ABOUT THIS TASK —
Your answer should be an exact copy of the lines from the one containing "12. Cardinal: –" through the last line of the records below, without any pictures.

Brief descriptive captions
⟨

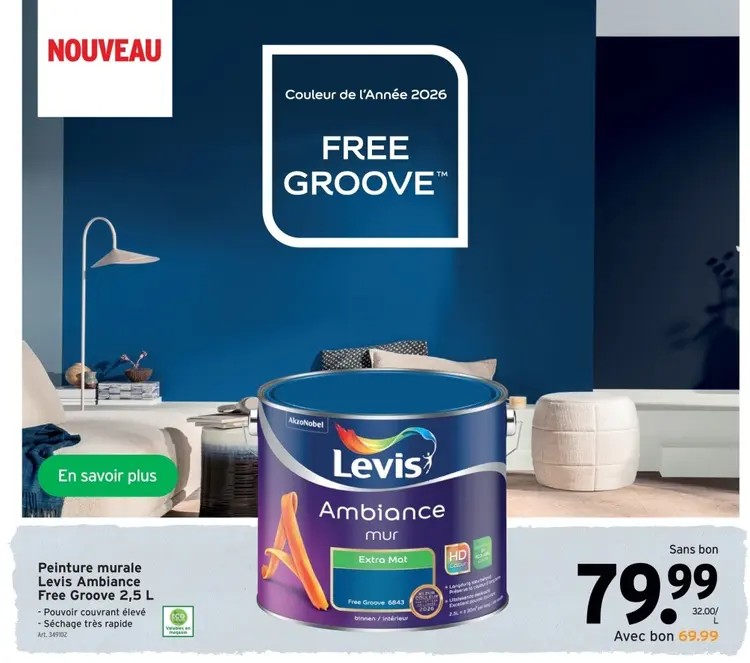 Offre: Peinture murale Free Groove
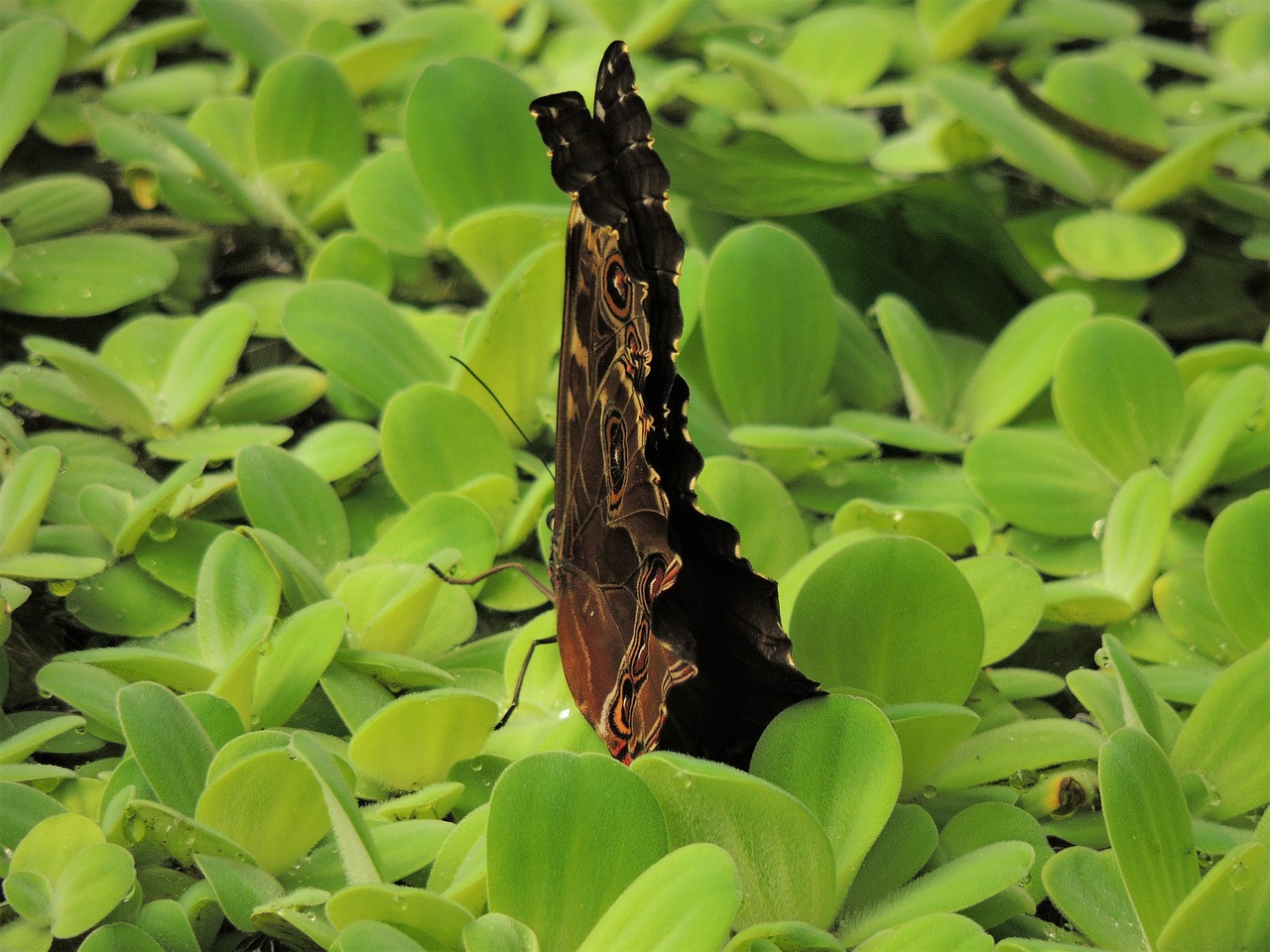 butterfly  letter  green free photo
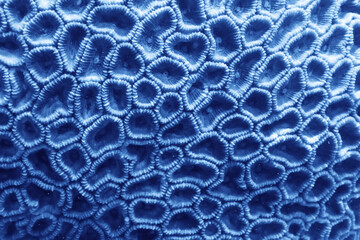 coral texture underwater background reef abstract sea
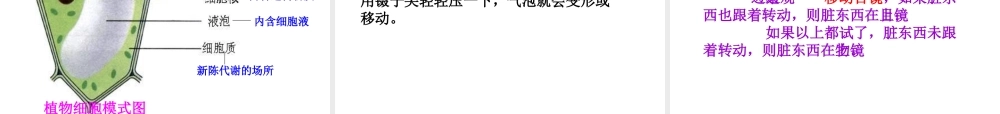 安徽省聊城定远中学七年级生物上册《植物细胞》课件
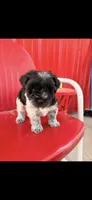 oreo *registered*, a male Miniature Schnauzer for sale in Minneapolis, MN – 1 of 1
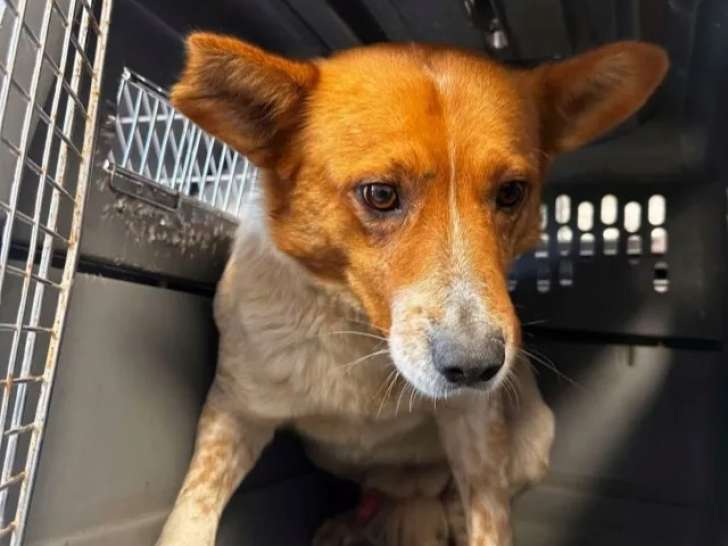 Chien de 3 ans en attente d’adoption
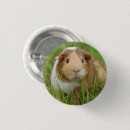Search for grass green badges Cute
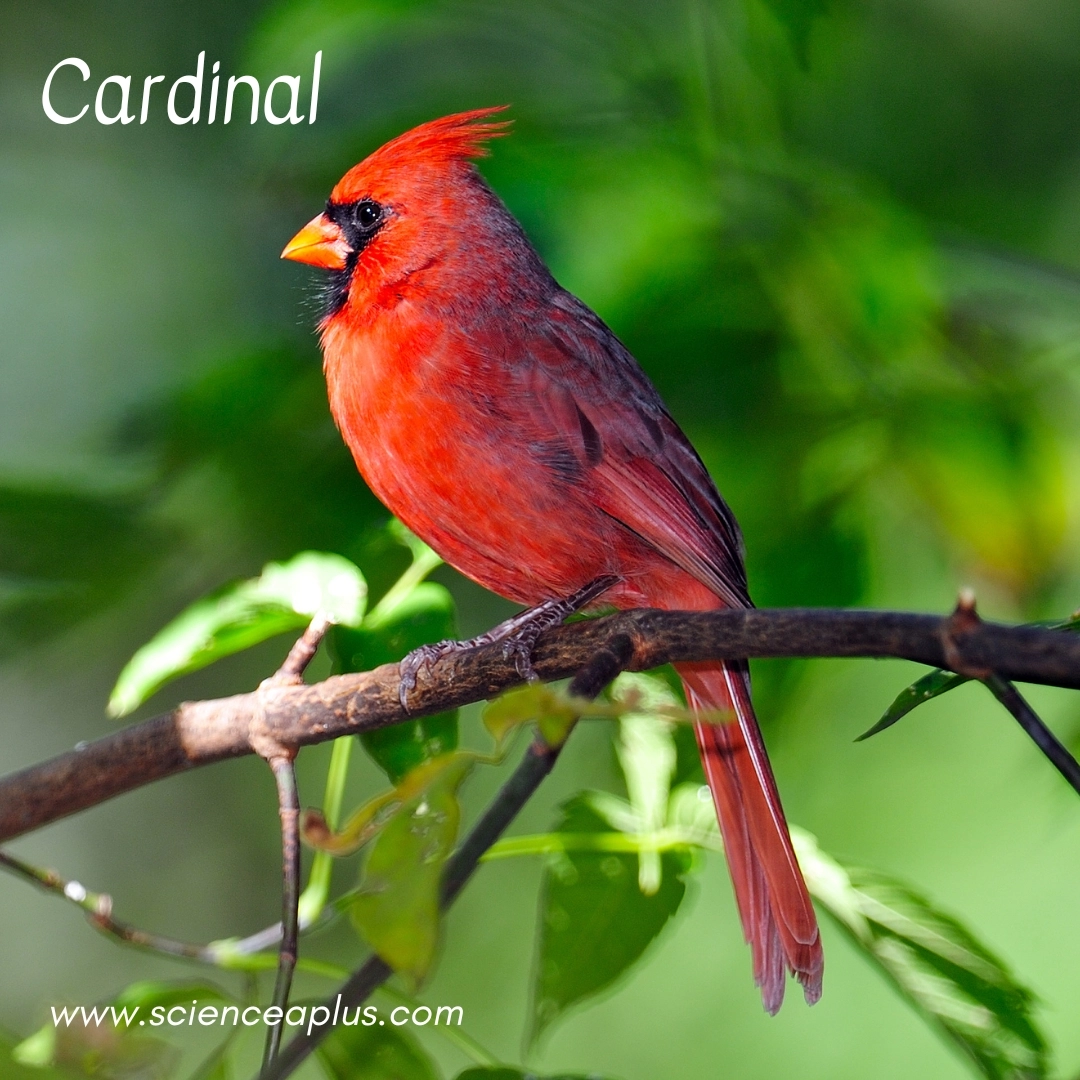 12. Cardinal: – 34 animals that start with the letter "C"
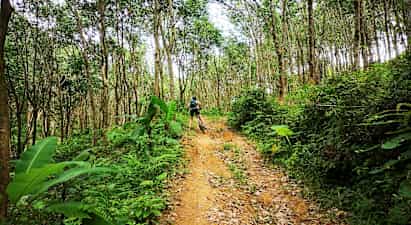 Person cyklar uppför en skogsstig omgiven av träd och grönska. (AI-genererad text)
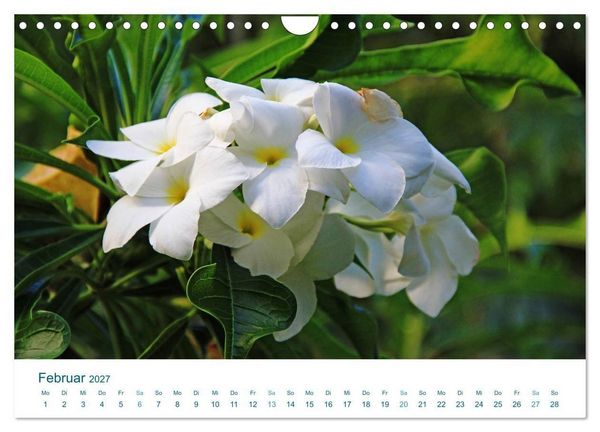 Produktbild: S&uuml;dsee-Insel Huahine - Paradies am Ende der Welt (Wandkalender 2027 DIN A4 quer), CALVENDO Monatskalender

⟩

SOLUTION TO THE PROBLEM —
 12. Cardinal: – 34 animals that start with the letter "C"
 Person cyklar uppför en skogsstig omgiven av träd och grönska. (AI-genererad text)
 Produktbild: S&uuml;dsee-Insel Huahine - Paradies am Ende der Welt (Wandkalender 2027 DIN A4 quer), CALVENDO Monatskalender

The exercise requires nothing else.